I still regret it today – even after 15 years. I had my heart set on a new digital camera. A Sony. And I was in Hong Kong’s tech district where there were bargains to be had. I’d found the exact model I wanted and negotiated a good deal.
Then another salesman stepped in. He showed me a lot of technical stuff trying to convince me the camera he wanted to sell me was better than the one I wanted. He used a few sales techniques like making statements I couldn’t really disagree with to lead me towards the decision he wanted me to make. He could see I knew a little bit about the technology but not enough to challenge his ‘knowledge’. A little knowledge can be a dangerous thing as a buyer! He took me to a place in my mind where I either followed his logic and bought his suggestion or I demonstrated to him my total stupidity and bought what I wanted. So of course I bought his suggestion.
And I regret it even now. I didn’t have the camera I wanted. I felt I’d been sold to. I felt I’d been pressured into buying something I didn’t want but I was also too ashamed of myself to admit it. Now I may be doing the salesman a huge dis-service. He might have been right about all the technical stuff and I might have had the better camera after all. But it didn’t feel like it. I might have used his technical speak to justify the purchase to others, but it didn’t work with me. I never went back to that store. Nor did I recommend it to anyone.
People buy on emotion
You see, for everything except day to day items, people buy for emotional reasons. They don’t buy because of features or even necessarily benefits, but because they have invested emotional capital in the decision. They use the features and benefits to justify the decision later. Ask any android phone user why he thinks people buy seemingly more expensive and lower spec Apple products. He wont be able to explain it rationally. People have emotional capital invested in their love of Apple tech. (Yes, I have an iPhone and an iPad – but Windows PC’s. sort that conundrum if you can).
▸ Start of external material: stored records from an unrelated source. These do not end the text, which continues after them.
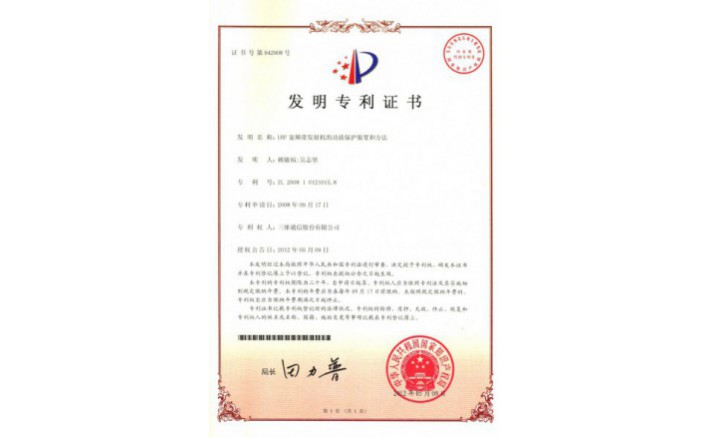 编号ZZ01138--H9-55?UHF宽频带发射机的功放；；；；；；ぷ爸煤头椒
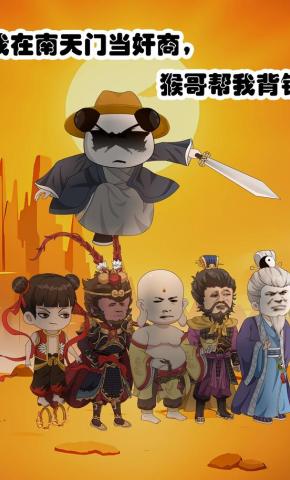 短剧《我在南天门当奸商，猴哥帮我背锅》海报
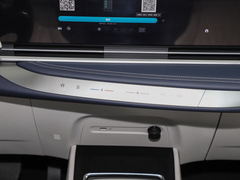 2023款 2.0T 星云七座版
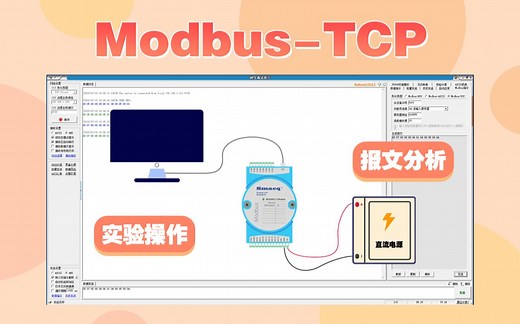 Modbus TCP 协议讲解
So if you want to avoid buyers’ remorse and get more recommendations, you need to connect with your client’s emotions. Find out why they are looking to buy something and help them achieve the emotion reasons. If they have a problem, help take away the pain. Whatever you do, don’t leave them feeling like Dilbert – trapped, blackmailed and left with no option. Find a way to give the client what they need whilst getting what you need. The ‘win-win’ situation. Not only is it ethical, but you get loads of recommendations, and we all want that in business.